■ **DATA UNDER STUDY**:
○ ○ ○ ○ ○

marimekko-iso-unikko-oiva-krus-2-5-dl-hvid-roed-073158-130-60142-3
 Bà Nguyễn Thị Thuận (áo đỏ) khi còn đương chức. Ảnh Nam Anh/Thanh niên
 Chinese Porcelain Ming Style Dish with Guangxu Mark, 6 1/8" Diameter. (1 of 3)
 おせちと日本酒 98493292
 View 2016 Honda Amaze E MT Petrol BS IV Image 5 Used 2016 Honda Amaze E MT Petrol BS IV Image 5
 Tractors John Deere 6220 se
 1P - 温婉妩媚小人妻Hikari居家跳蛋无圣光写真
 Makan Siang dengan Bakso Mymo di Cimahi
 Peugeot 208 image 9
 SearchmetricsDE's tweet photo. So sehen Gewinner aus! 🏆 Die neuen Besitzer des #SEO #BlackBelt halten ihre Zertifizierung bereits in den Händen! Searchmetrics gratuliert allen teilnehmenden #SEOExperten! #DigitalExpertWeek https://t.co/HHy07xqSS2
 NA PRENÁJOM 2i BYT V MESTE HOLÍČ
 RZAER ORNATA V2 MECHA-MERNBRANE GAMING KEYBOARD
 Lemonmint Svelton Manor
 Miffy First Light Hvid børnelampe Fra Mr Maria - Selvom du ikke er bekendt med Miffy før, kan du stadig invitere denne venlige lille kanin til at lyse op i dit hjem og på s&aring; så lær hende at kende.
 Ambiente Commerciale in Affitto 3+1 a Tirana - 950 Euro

○ ○ ○ ○ ○

■ **HOW TO COMPLETE THIS TASK**: The answer must be the line containing "Miffy First Light" and every line after it through the last line of the records above, repeated exactly.

■ **EXPECTED ANSWER**:
 Miffy First Light Hvid børnelampe Fra Mr Maria - Selvom du ikke er bekendt med Miffy før, kan du stadig invitere denne venlige lille kanin til at lyse op i dit hjem og på s&aring; så lær hende at kende.
 Ambiente Commerciale in Affitto 3+1 a Tirana - 950 Euro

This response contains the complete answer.